BHUBANESWAR: With domestic steel consumption rising at least 5.5 per cent to 6 per cent every year, tracking strong GDP growth of 7.3 per cent to 7.5 per cent, India will be the brightest spot for the steel sector over the next 12-18 months, according to global rating agency Moody’s Investors Service. Moody’s noted that robust steel demand from the construction, infrastructure and automotive sectors will keep prices of end-product high even as rising costs for key inputs, coking coal and iron ore pressure profitability.
However, the spill-over impact on Asian steel demand through weaker economic growth would be greater if the US implements recently proposed 25 per cent tariffs on $200 billion worth of Chinese imports.
Meanwhile, India’s steel sector consolidation will drive improvement in the industry’s capacity utilisation levels and mute the pressure on profitability,” it said, adding that a minimal new steel capacity expected to be commissioned until 2021.
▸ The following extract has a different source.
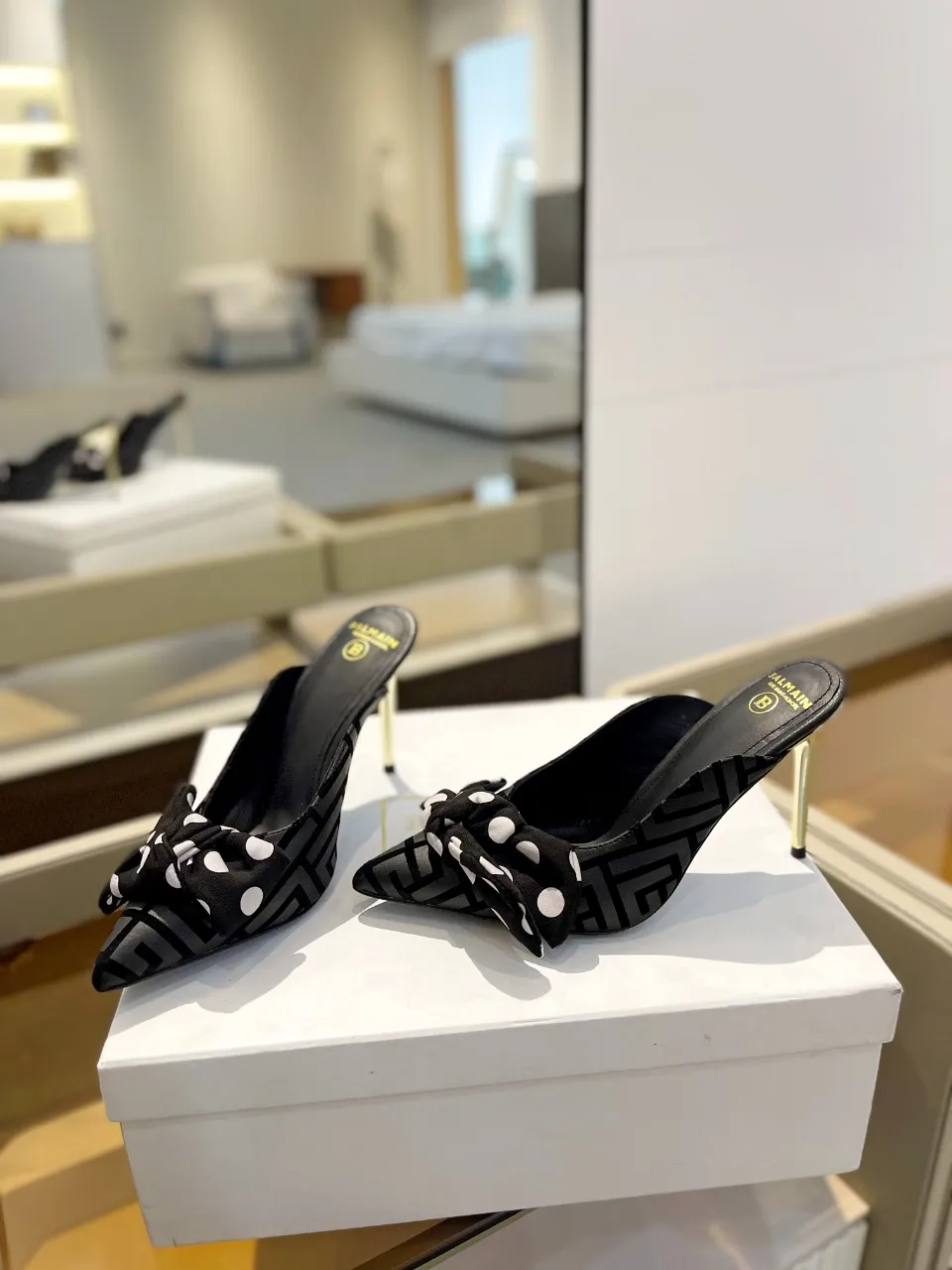 Balmain 2024春夏リボンハイヒールのスリッパ黒色ファッション - 画像 (6)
Tata Steel’s acquisition of Bhushan Steel Ltd will underpin the increase in Tata’s steel shipments by over a third. “We expect a mid-single-digit increase in EBITDA per tonne for Tata Steel’s Indian operations over the next 12 months. Moreover, Tata Steel’s backward integration in iron ore and coking coal augurs well in times of rising input prices,” the statement added. “JSW’s EBITDA per tonne will also increase by a mid-single digit,” Moody’s said.